Landmarks marking historic events to get prime locations

AS SINGAPORE heads towards its 50th year of independence, two landmarks to commemorate historic events in its turbulent past will be set up in bustling areas in the heart of the country.

A memorial to the victims of Konfrontasi will stand on Dhoby Ghaut Lawn opposite MacDonald House in Orchard Road.

Similarly, a marker to honour those who fought the Communists in Singapore's early years will be placed in Esplanade Park along Queen Elizabeth Walk.

The central and prominent location of the marker in the Civic District, said Minister for Culture, Community and Youth Lawrence Wong, means it will be near the Cenotaph, the Lim Bo Seng Memorial and the Tan Kim Seng Fountain, which have collectively been gazetted as a national monument. "By putting these markers and memorials together, we create a larger sense of Singapore's history and the context of our early years," he told Parliament yesterday.

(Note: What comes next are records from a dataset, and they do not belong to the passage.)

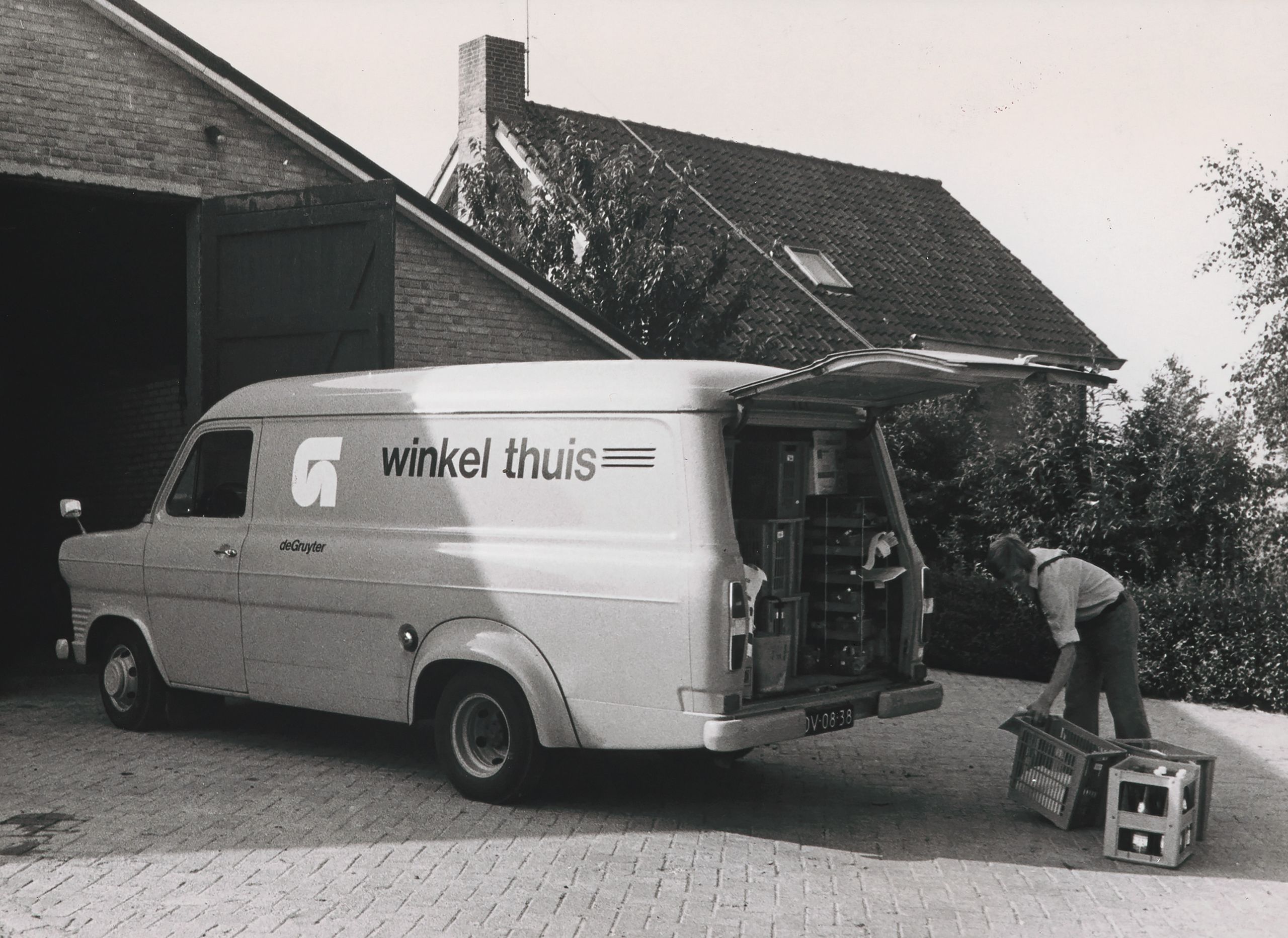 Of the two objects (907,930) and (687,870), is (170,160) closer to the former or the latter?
(687,870)

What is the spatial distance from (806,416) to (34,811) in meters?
4.48

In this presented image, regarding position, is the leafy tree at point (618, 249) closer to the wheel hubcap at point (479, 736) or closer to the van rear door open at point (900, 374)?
the van rear door open at point (900, 374)

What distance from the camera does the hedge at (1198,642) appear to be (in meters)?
10.8

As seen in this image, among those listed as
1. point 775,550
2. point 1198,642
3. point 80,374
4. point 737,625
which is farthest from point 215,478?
point 80,374

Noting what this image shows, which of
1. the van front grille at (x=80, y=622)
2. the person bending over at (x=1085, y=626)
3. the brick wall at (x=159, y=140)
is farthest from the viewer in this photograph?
the brick wall at (x=159, y=140)

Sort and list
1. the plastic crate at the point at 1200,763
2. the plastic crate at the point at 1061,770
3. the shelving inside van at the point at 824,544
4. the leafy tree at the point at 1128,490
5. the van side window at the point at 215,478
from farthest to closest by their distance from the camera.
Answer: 1. the leafy tree at the point at 1128,490
2. the van side window at the point at 215,478
3. the shelving inside van at the point at 824,544
4. the plastic crate at the point at 1061,770
5. the plastic crate at the point at 1200,763

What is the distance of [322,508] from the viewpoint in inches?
316

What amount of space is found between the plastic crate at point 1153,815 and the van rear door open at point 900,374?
1876mm

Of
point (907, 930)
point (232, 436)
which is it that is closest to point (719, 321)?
point (232, 436)

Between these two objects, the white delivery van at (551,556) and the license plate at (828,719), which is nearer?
the white delivery van at (551,556)

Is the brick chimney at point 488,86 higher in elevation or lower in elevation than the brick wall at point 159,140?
higher

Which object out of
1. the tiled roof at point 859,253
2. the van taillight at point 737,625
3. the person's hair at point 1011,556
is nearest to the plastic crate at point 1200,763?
the person's hair at point 1011,556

Former president S R Nathan, who dealt with pro-Communist activists in the trade unions in the 1960s, will be the guest of honour at the unveiling of the marker on Dec 8.

December marks the 25th anniversary of the signing of the 1989 Haadyai Peace Agreements between the Communist Party of Malaya (CPM) and the governments of Malaysia and Thailand.

The agreements marked the end of the CPM's four-decade campaign of violence and subversion.

The Konfrontasi memorial is expected to be completed next year.

Mr Wong said it would be a reminder of the events that unfolded on March 10, 1965 - "a date remembered by many as the darkest day of Konfrontasi". Two Indonesian marines bombed MacDonald House that day, killing three people and injuring more than 30.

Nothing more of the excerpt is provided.